Greetings Folks,
Our infrastructure consists of:
- Jenkins Controller v2.289.1 (0 Executors)
- Jenkins Agent 1 (4 Executors)
- Jenkins Agent 2 (4 Executors)
- Jenkins Agent 3 (4 Executors)
Through Grafana/Prometheus, we’ve noticed that the CPU usage of our Agent 1 is 5 times higher than the other two agents. Μore specifically, Agent’s 3 CPU usage sits at ~1% (7 Days average graph) while Agent 1 crashed two times this week due to a heavy build. This caught our attention, so we did our search and found out this:
https://docs.cloudbees.com/docs/admin-resources/latest/plugins/even-scheduler
"By default, Jenkins employs the algorithm known as consistent hashing to make this decision. More specifically, it hashes the name of the node, in numbers proportional to the number of available executors, then hashes the job name to create a probe point for the consistent hash.
…
This behavior is based on the assumption that it is preferable to use the same workspace as much as possible, because SCM updates are more efficient than SCM checkouts. In a typical continuous integration situation, each build only contains a limited number of changes, so indeed updates (which only fetch updated files) run substantially faster than checkouts (which refetch all files from scratch.)"
Since there’s no other official documentation about it, or at least I’m not aware of, I can assume that this is the case for what makes most of our jobs to be built in Agent 1, while the other two Agents stay nearly idle.
A temporary solution we thought, was to pin heavy Jobs to specific agents (ex. agent { label ‘agent-3’ }), but that doesn’t sound really dynamic, as new Jobs may arrive and occupy the other agents as well.

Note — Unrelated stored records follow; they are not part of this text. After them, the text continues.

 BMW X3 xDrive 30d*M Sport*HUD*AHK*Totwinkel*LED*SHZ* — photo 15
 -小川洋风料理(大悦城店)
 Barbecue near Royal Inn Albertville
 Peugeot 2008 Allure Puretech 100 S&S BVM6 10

Hence, we wanted to test the Even Scheduler Plugin, but unfortunately it’s for Cloudbees CI only, which we don’t use. However, there’s also the Least Load Plugin for normal distros and allegedly does the same thing:
https://plugins.jenkins.io/leastload/
We tested it in a test environment, but we haven’t applied it yet in production.

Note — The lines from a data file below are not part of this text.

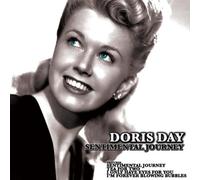 Day, Doris - Sentimental Journey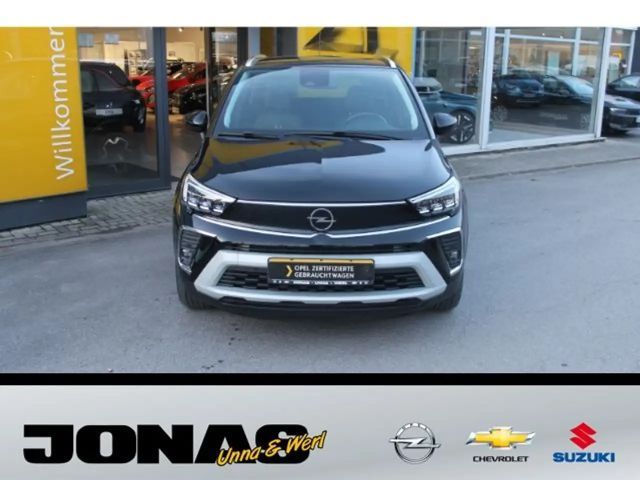 Opel Crossland X 1.2 Turbo GS-Line Grand Sport
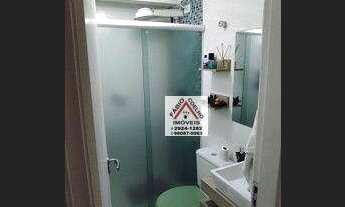 Imagem 5: Apartamento com 2 dormitórios à venda, 50 m² por R$ - Jardim Marajoara - São Paulo/SP - A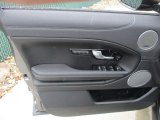 2017 Land Rover Range Rover Evoque SE Premium Door Panel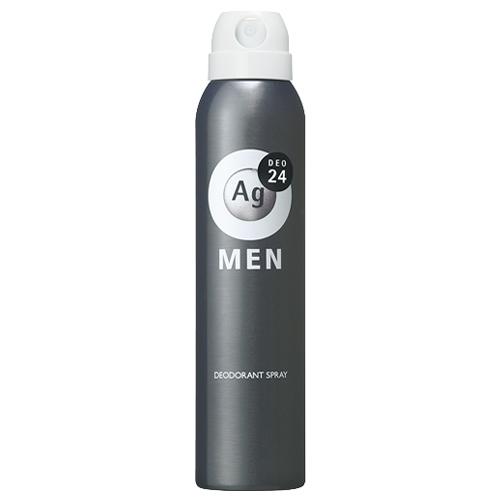 Ag DEO24 MEN(エージーデオ24メン) メンズデオドラントスプレーN 無香性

My question here is, does it worth to ‘sacrifice’ the default decision making behavior so we can distribute jobs evenly and unload stressed agents? This means that Jobs may take longer due to the fact that if a Job that hasn’t been built before in a specific agent, the ‘refetch from scratch’ will happen more often. On the other hand, this promises no agent crashes, since the headroom of 3/3 agents occupied evenly is more than enough.
If there are any suggestions or I’m mistaken about anything, please let me know!
Thanks for reading!